Listening to the soft panting seeping through the thin bedroom wall, a few of Warren Walker’s oddities from yesterday started to make sense to me now.

I gave him a few days to settle in, then invited the new neighbour round. Opening the door, I was struck by how his hirsute frame seemed to occupy of the doorway. Yet in my peripheral vision, I nevertheless detected a synchrony of net curtain twitching over the road.

I’d long past giving a crap what the housewives thought. I am still considered an outsider in this little town, despite having lived here for fifteen years. There are families that have lived here for generations and I don’t expect to ever catch up with them, even if I had nine lives.

So I like to welcome strangers. People may think that’s risky behaviour from a single woman, but they underestimate my age (thank you, water and calisthenics), and with age comes wisdom. And being less inclined to give a toss.

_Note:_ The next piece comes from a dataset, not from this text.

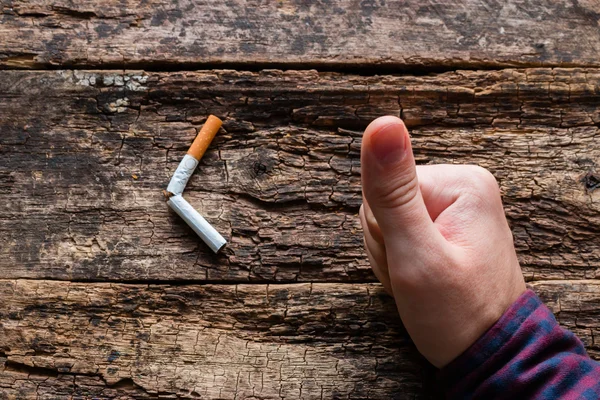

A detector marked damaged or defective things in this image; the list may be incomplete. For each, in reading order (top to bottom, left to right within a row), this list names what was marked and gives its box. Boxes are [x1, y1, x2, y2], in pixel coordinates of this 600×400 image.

Now I can hear whining. Homesickness, perhaps?

He had been cagey about where he had come from; just saying he needed a “change of scene”. I watched him scooping up the nachos I had put out on the coffee table, ravenously pawing at even the soggy ones, ignoring the fork I’d placed on a napkin for him. No, he didn’t have a job lined up, he said, but he had a lead from a security firm that were going to interview him for a doorman position. He certainly had the brawn for it. I tried not to let my gaze linger too long on his thick forearms or the triangle of chest his shirt exposed. I bet he had a hard time tanning with all that thick hair covering everything. But personality-wise? He seemed so skittish. Perhaps it was nerves; being in a stranger’s home. I didn’t think it would bode well for him if he were tasked with breaking up fights between 20-somethings. He didn’t look that far away from his teens himself.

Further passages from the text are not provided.